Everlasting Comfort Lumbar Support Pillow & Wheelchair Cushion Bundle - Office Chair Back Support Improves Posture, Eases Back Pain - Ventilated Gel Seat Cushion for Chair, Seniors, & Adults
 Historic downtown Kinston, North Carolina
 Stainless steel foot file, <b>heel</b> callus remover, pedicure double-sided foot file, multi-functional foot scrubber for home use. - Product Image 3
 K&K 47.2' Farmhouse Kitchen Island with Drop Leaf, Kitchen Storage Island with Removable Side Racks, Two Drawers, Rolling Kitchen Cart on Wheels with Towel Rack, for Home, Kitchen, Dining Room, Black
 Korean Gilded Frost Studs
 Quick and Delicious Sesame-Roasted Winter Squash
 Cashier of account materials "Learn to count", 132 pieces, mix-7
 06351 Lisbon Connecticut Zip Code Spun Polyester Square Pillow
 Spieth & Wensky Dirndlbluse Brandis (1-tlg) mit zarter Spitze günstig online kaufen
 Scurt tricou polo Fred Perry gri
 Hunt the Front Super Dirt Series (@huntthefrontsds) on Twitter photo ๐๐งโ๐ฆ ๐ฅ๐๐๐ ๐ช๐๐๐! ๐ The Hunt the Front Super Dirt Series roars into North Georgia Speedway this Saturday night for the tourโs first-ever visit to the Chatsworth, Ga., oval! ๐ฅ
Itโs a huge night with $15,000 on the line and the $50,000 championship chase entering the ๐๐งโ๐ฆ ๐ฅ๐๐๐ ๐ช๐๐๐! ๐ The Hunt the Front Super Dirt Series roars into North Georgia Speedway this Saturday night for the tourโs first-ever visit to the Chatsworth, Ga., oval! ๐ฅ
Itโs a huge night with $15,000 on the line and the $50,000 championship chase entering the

———

> EXERCISE DETAILS: Counting only lines that hold the string "night", give the number of such lines in the records. Write nothing else.

> WRITTEN RESPONSE: 3